▶ [Dataset excerpts]:

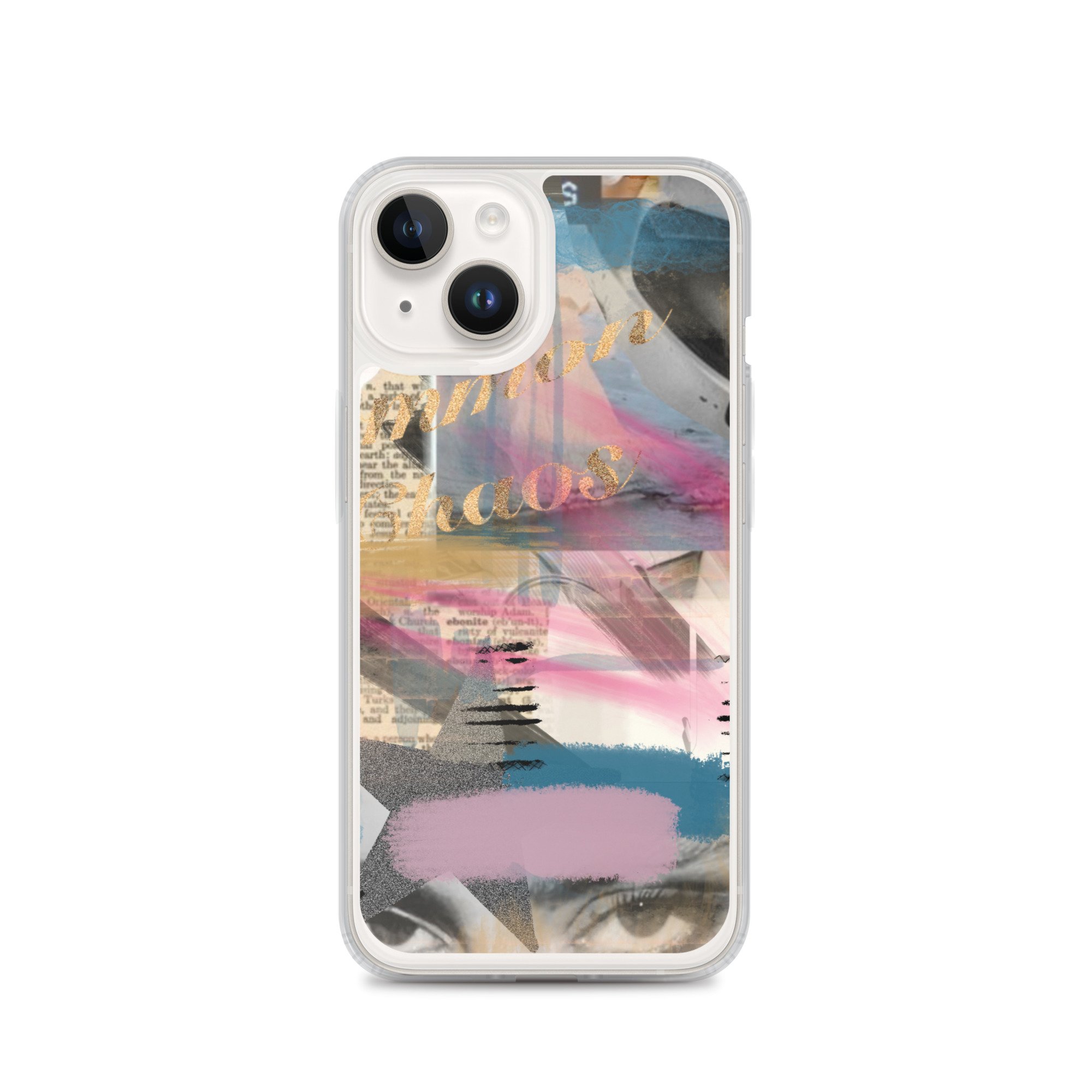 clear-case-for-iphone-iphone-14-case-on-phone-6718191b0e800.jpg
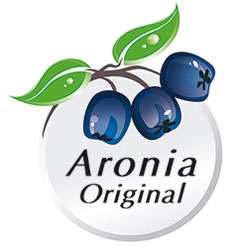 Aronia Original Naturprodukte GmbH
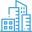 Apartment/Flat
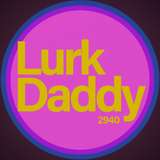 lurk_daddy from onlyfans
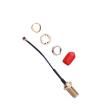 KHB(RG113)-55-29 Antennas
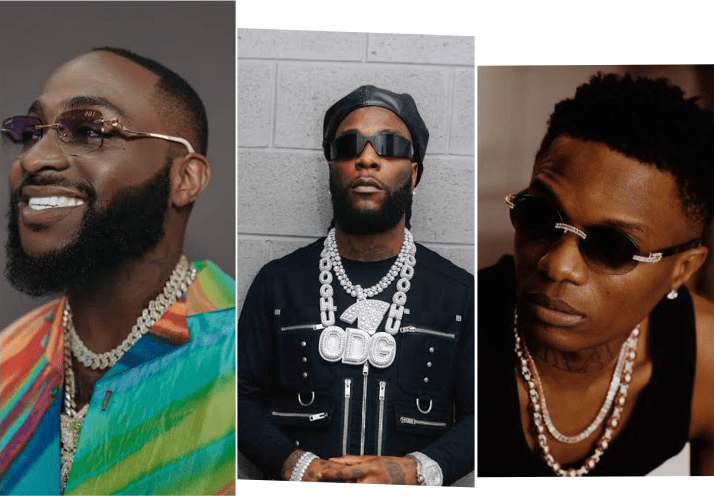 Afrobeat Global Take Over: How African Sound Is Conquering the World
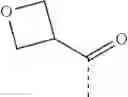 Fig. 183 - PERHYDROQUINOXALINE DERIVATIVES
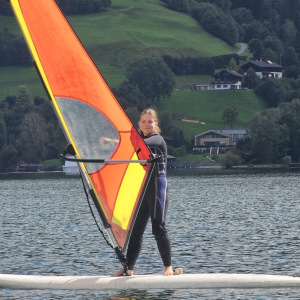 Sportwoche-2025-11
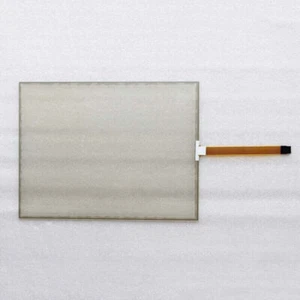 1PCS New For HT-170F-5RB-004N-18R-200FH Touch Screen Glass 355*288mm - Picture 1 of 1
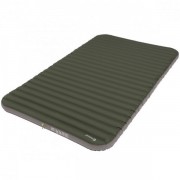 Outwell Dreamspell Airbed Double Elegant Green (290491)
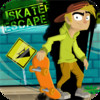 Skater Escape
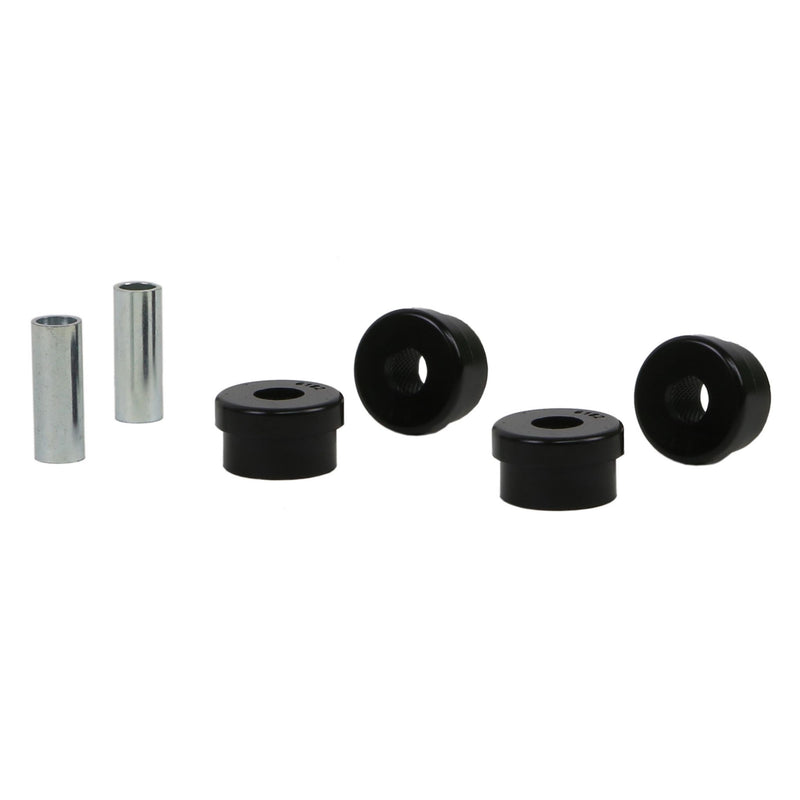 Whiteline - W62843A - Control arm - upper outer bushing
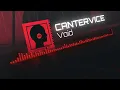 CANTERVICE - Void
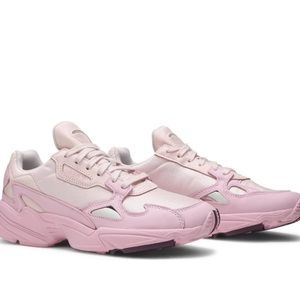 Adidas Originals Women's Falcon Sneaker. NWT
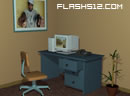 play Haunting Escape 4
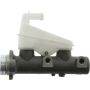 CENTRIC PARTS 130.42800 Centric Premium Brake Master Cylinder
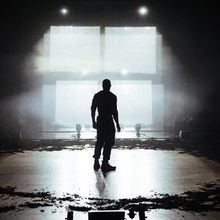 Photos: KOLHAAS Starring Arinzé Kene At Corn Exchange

▶ [Work request]: The answer should consist of all the records, duplicated exactly, with no images included.

▶ [Response to this task]:
 clear-case-for-iphone-iphone-14-case-on-phone-6718191b0e800.jpg
 Aronia Original Naturprodukte GmbH
 Apartment/Flat
 lurk_daddy from onlyfans
 KHB(RG113)-55-29 Antennas
 Afrobeat Global Take Over: How African Sound Is Conquering the World
 Fig. 183 - PERHYDROQUINOXALINE DERIVATIVES
 Sportwoche-2025-11
 1PCS New For HT-170F-5RB-004N-18R-200FH Touch Screen Glass 355*288mm - Picture 1 of 1
 Outwell Dreamspell Airbed Double Elegant Green (290491)
 Skater Escape
 Whiteline - W62843A - Control arm - upper outer bushing
 CANTERVICE - Void
 Adidas Originals Women's Falcon Sneaker. NWT
 play Haunting Escape 4
 CENTRIC PARTS 130.42800 Centric Premium Brake Master Cylinder
 Photos: KOLHAAS Starring Arinzé Kene At Corn Exchange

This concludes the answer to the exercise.